Idle (no spawn): sub-millisecond tick latency
Under load: latency dominated by spawn/external process interactions

uv run python benchmarks/bench_orchestrator.py

Task store throughput¶

Measures raw throughput of the JSONL-backed task store.

High write throughput on local SSD
Low flush latency

uv run python benchmarks/bench_task_store.py

Quality gate verification¶

Measures verify_task latency with increasing completion signal count.

Near-linear scaling as signal count increases

uv run python benchmarks/bench_quality_gates.py

Startup latency¶

End-to-end time from orchestrator initialization to first tick completion.

Generally fast in local developer environments

uv run python benchmarks/bench_startup.py

What these numbers don't tell you¶

Benchmarks measure scheduling efficiency, not code quality. A fast wrong answer is still wrong. Bernstein's janitor and quality gates ensure the output is correct before it lands - which adds overhead but saves you from debugging agent mistakes.

The real metric that matters: how much of your day do you save? If a single agent would take 4 hours on your backlog and Bernstein finishes it in 2.5 hours with verified output, you got back 1.5 hours. That compounds across every run.

Community-submitted benchmarks¶

Real runs from the community. Submit yours via issue #787 or open a PR adding a row here.

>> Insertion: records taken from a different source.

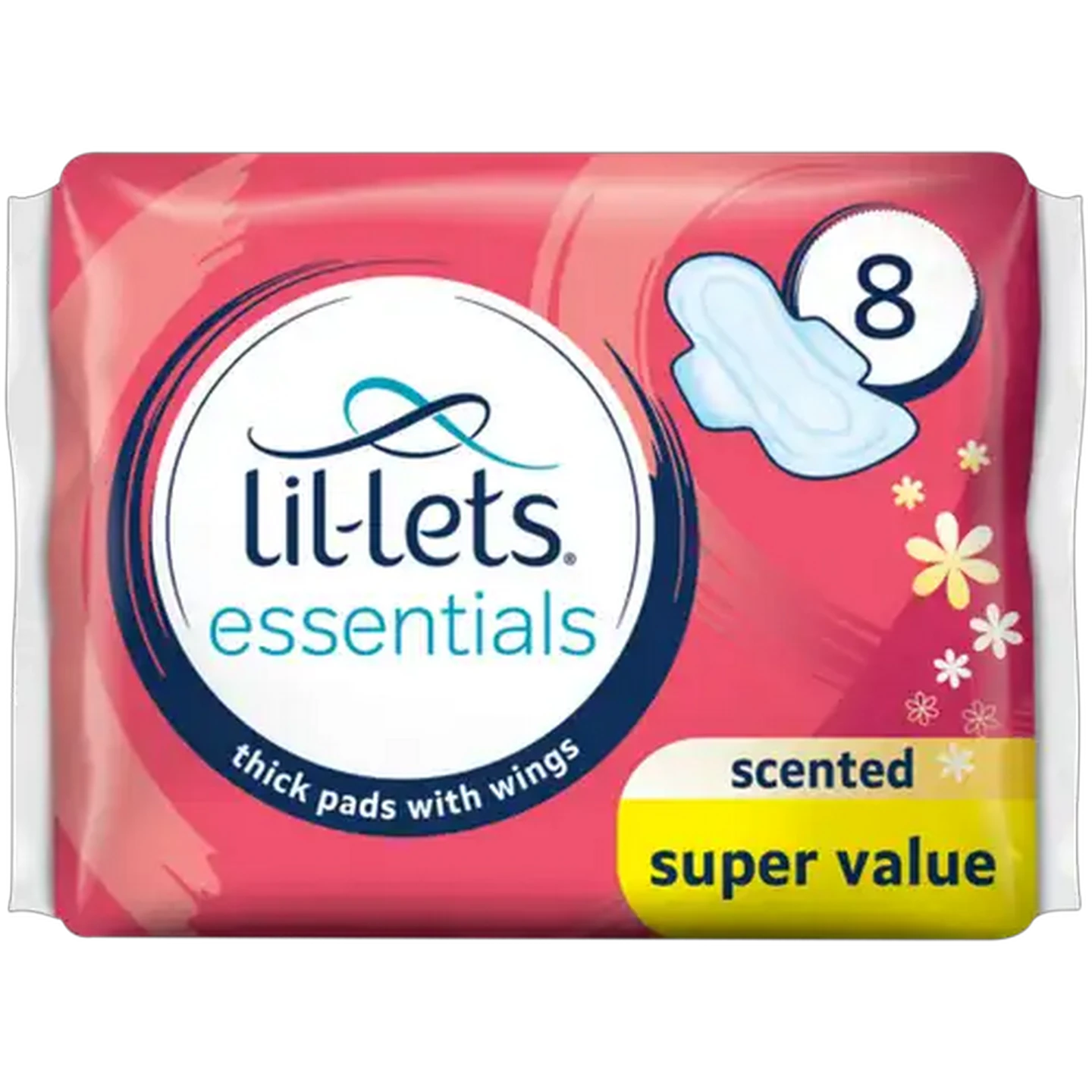 Image of Lil-Lets Essentials Scented Thick Pads with Wings 8 Pack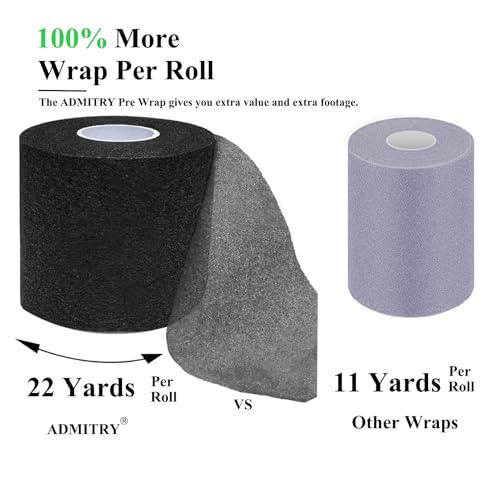Image of ADMITRY Pre Wrap Tape Athletic,3 Rolls X 22 Yards Blue Prewrap,Headbands for Hair,Foam Underwrap Sports Wrap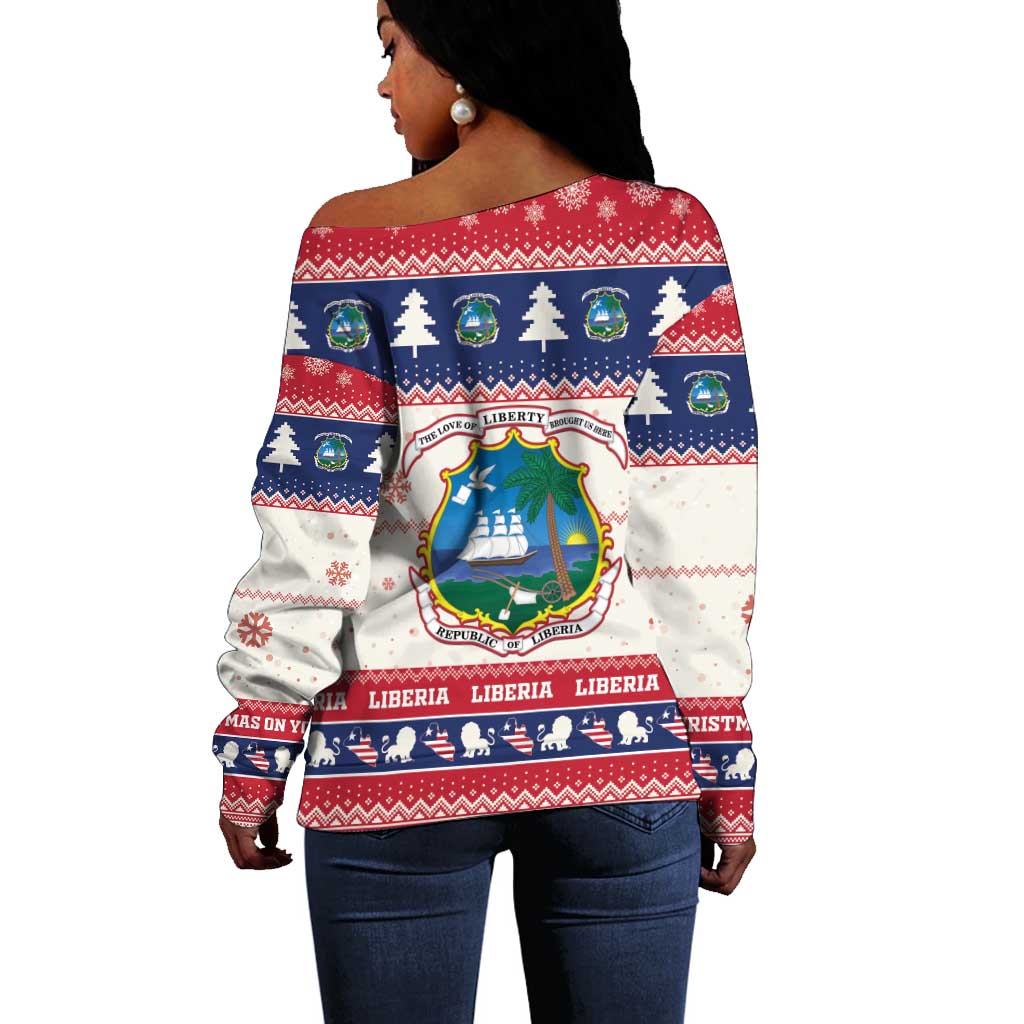 Liberia Christmas Off Shoulder Sweater African Lion Santa LT15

Component benchmarks — Intel i3-6006U, Linux, Python 3.14 (pre-release)¶

Hardware: Intel Core i3-6006U @ 2.00GHz, 4 cores, 3.7 GB RAM, Ubuntu (kernel 6.17.0-35-generic), SSD

Bernstein version: v2.7.0

Python: 3.14.5 (pre-release dev build, inside project venv — uv venv)

Submitted by: @Om-Rohilla

Benchmark	Result	Command
Orchestrator tick latency (100-task backlog) — avg	5.89 ms	`uv run python benchmarks/bench_orchestrator.py`
Orchestrator tick latency (100-task backlog) — max	7.35 ms	`uv run python benchmarks/bench_orchestrator.py`
Task store: creations	251.83 tasks/sec	`uv run python benchmarks/bench_task_store.py`
Task store: claims	253.38 tasks/sec	`uv run python benchmarks/bench_task_store.py`
Task store: completions	162.19 tasks/sec	`uv run python benchmarks/bench_task_store.py`
Task store: flush latency (buffer=1)	3.32 ms	`uv run python benchmarks/bench_task_store.py`
Quality gate verify_task — 1 signal	0.038 ms	`uv run python benchmarks/bench_quality_gates.py`
Quality gate verify_task — 10 signals	0.231 ms	`uv run python benchmarks/bench_quality_gates.py`
Quality gate verify_task — 50 signals	1.134 ms	`uv run python benchmarks/bench_quality_gates.py`
Quality gate verify_task — 100 signals	1.915 ms	`uv run python benchmarks/bench_quality_gates.py`
Startup latency (avg, 5 runs)	3048.61 ms	`uv run python benchmarks/bench_startup.py`

Notes: Low-end consumer laptop (budget i3, 2016 generation, 3.7 GB RAM). Startup latency is higher than expected — likely cold import overhead from running a Python 3.14 pre-release build; expect lower on stable Python 3.12/3.13. Orchestrator tick and task store throughput look normal for this hardware class. Quality gate scaling is near-linear as the docs describe.